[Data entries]
##############################
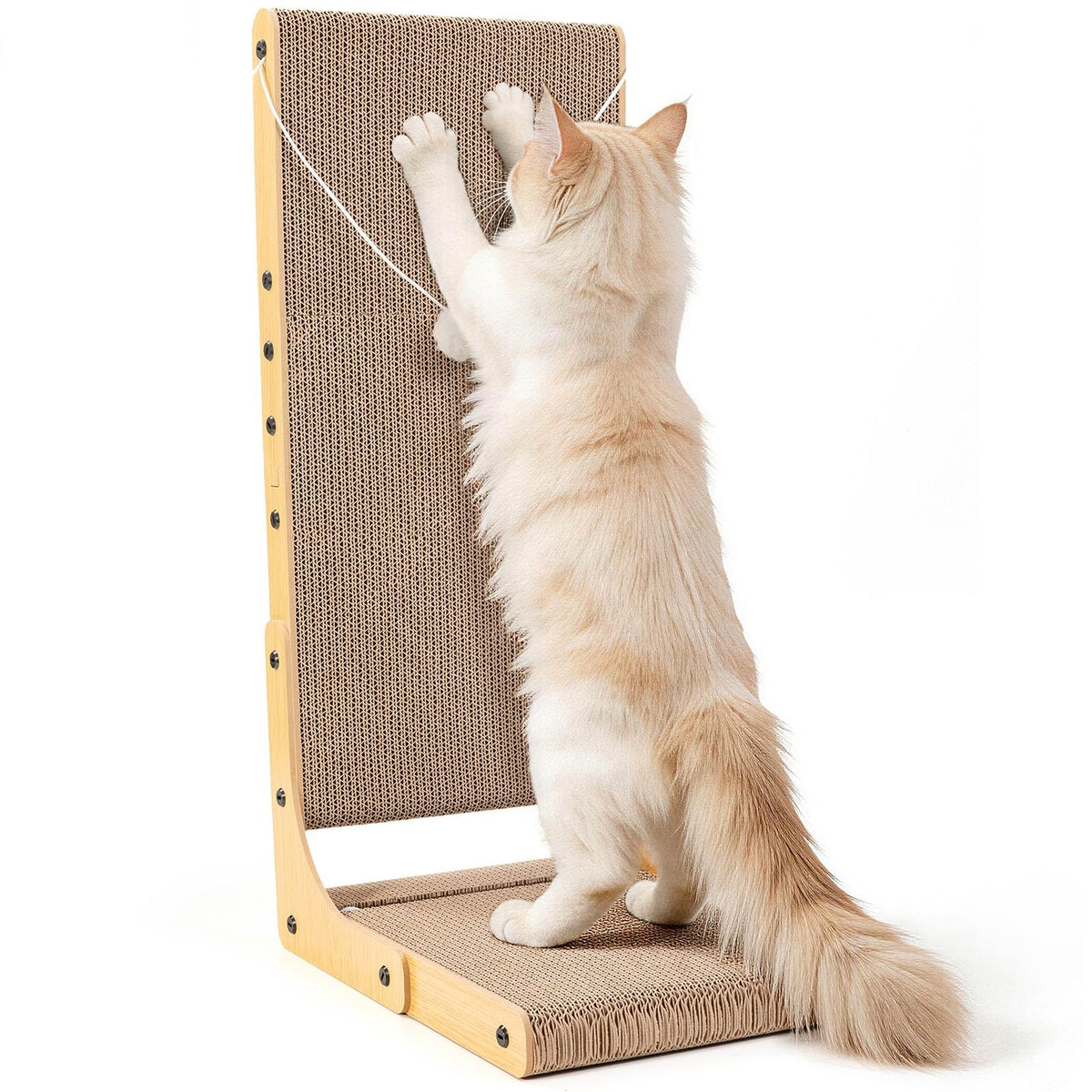 Cardboard Cat Scratcher, 23.6 Inch Cardboard Cat Scratching Post with Fuzzy Ball, Reversible Scratching Pad for Indoor Cats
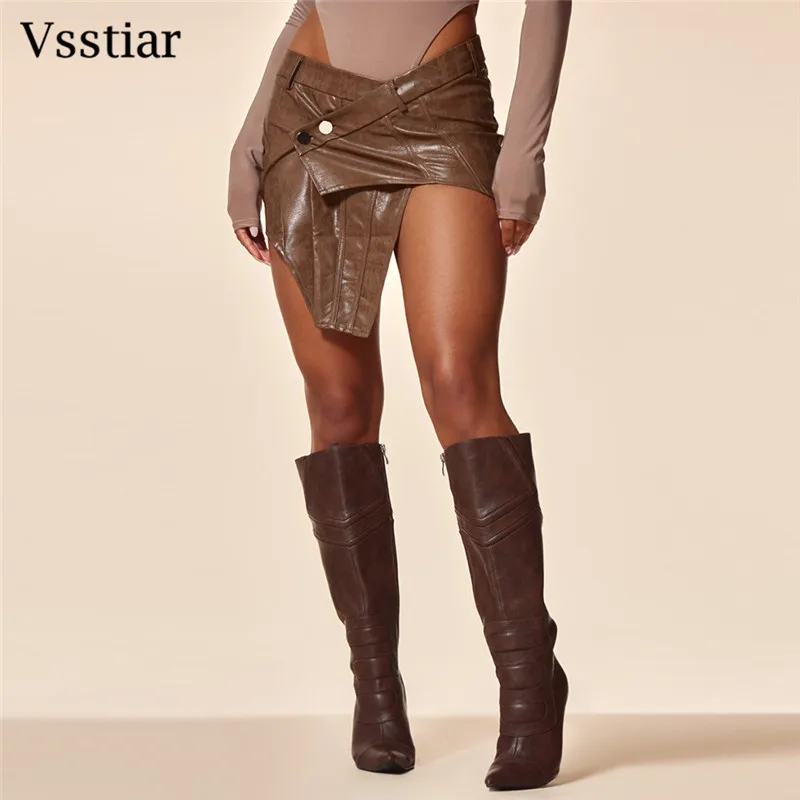 

Vsstiar Chic High Waist Leather PU Women Skirts New Fashion Streetwear Irregular Mini Skirt Summer Party Clubwear Y2K Clothes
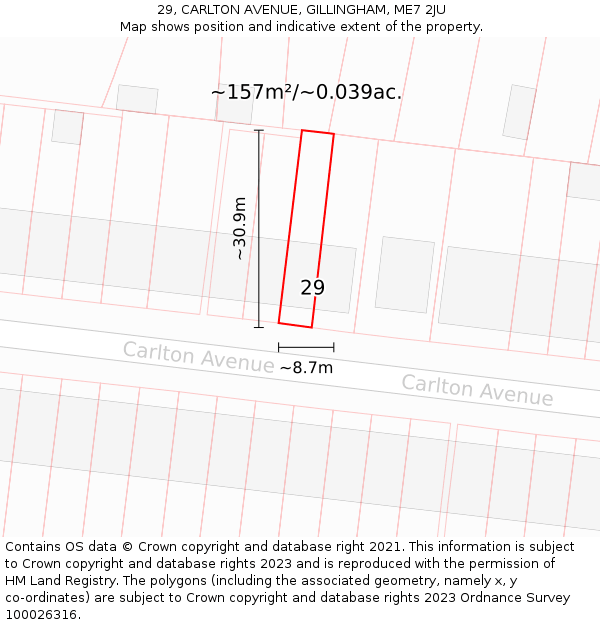 29, CARLTON AVENUE, GILLINGHAM, ME7 2JU: Plot and title map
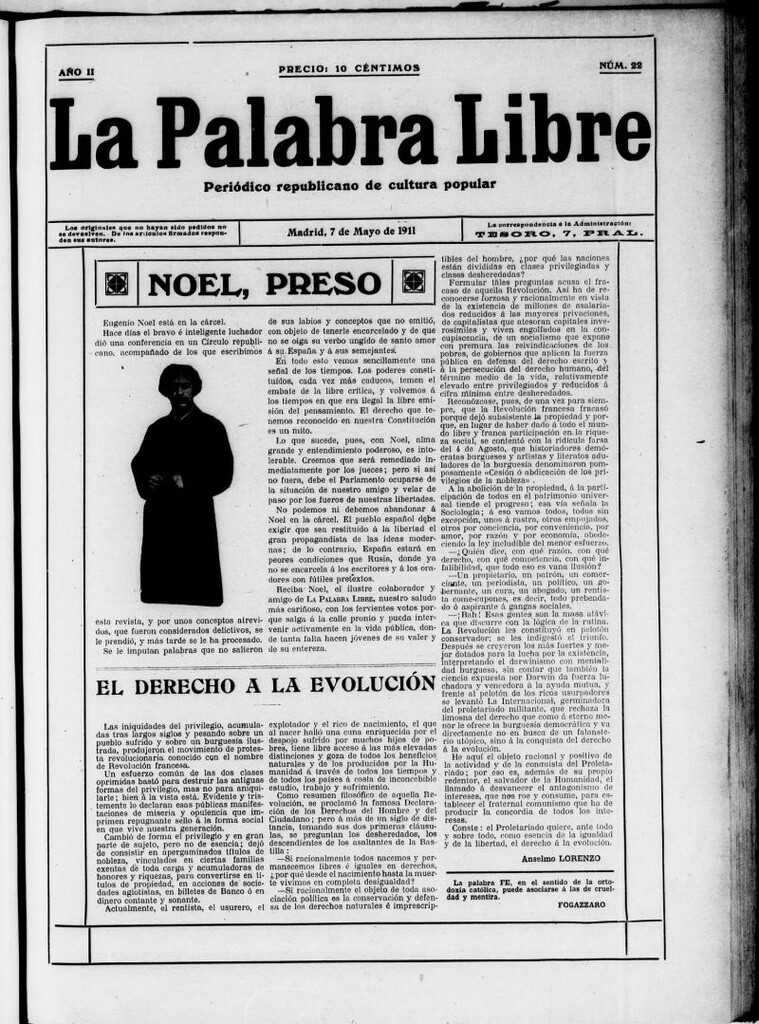 Miniatura de La Palabra Libre : periódico republicano de cultura popular del 7 de mayo de 1911, nº 22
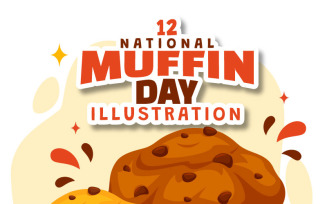 12 National Muffin Day Vector Illustration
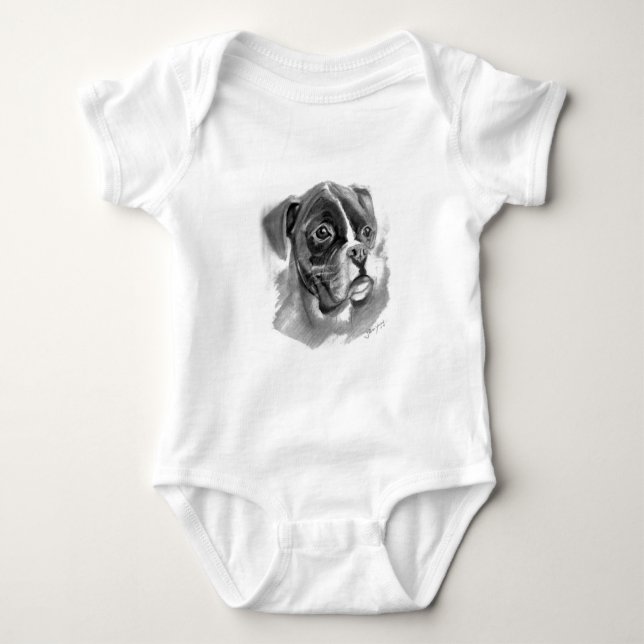 Boxer Dog Art Baby Bodysuit (Front)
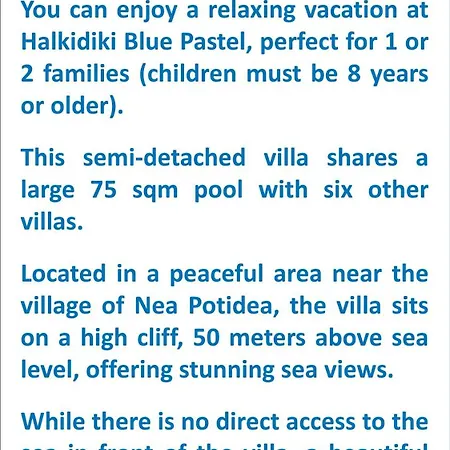 Blue Pastel-cliffside Villa, Shared Pool, Wild Sandy Nearby Holiday home *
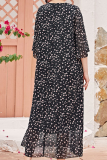 Fashion Elegant Floral Split Joint O Neck Dresses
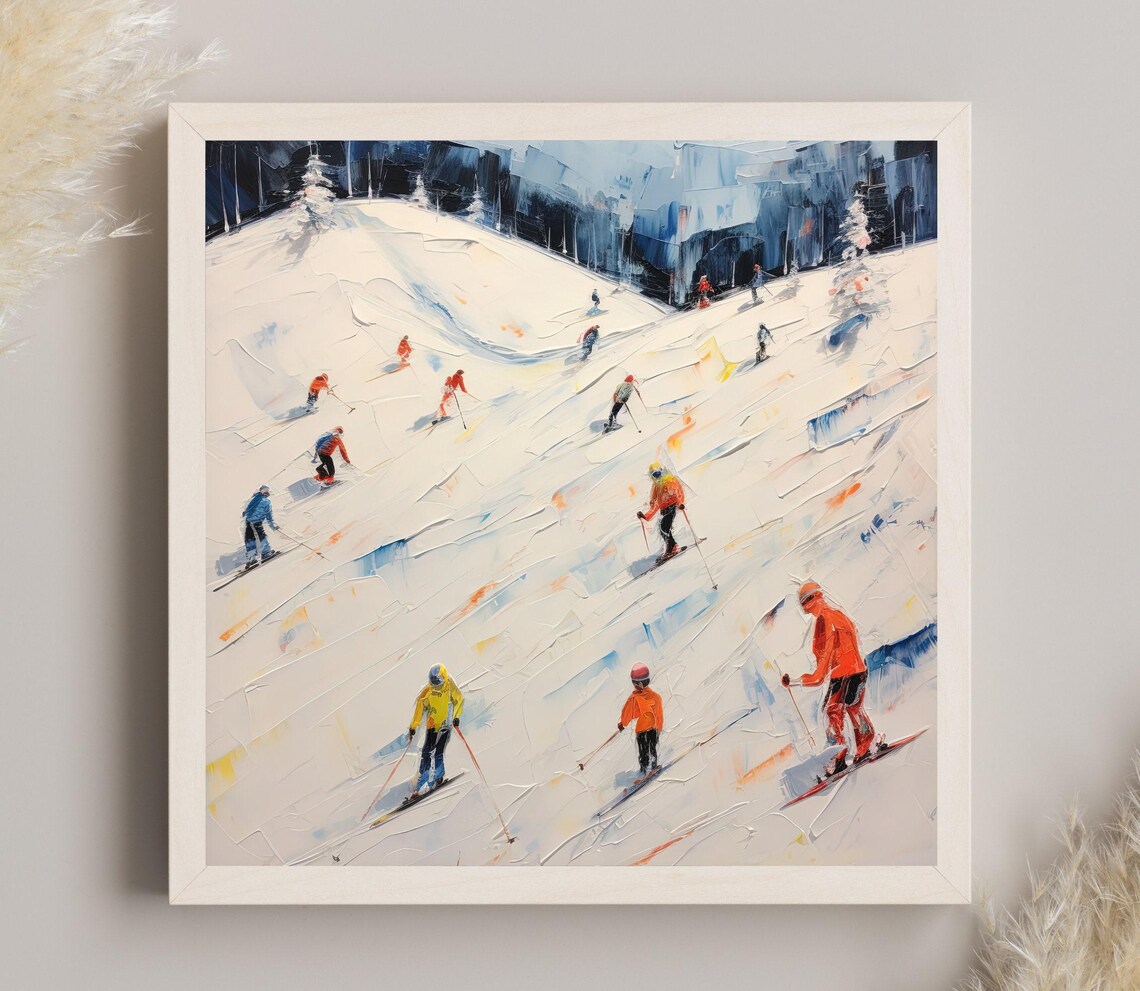Impressionist Skiers Descending Snowy Slope Oil Painting Poster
##############################
Task brief:
Copy exactly, with no pictures, the lines from the line containing "Vsstiar Chic High" through the last line of the records above.

Solution:
Vsstiar Chic High Waist Leather PU Women Skirts New Fashion Streetwear Irregular Mini Skirt Summer Party Clubwear Y2K Clothes
 29, CARLTON AVENUE, GILLINGHAM, ME7 2JU: Plot and title map
 Miniatura de La Palabra Libre : periódico republicano de cultura popular del 7 de mayo de 1911, nº 22
 12 National Muffin Day Vector Illustration
 Boxer Dog Art Baby Bodysuit (Front)
 Blue Pastel-cliffside Villa, Shared Pool, Wild Sandy Nearby Holiday home *
 Fashion Elegant Floral Split Joint O Neck Dresses
Impressionist Skiers Descending Snowy Slope Oil Painting Poster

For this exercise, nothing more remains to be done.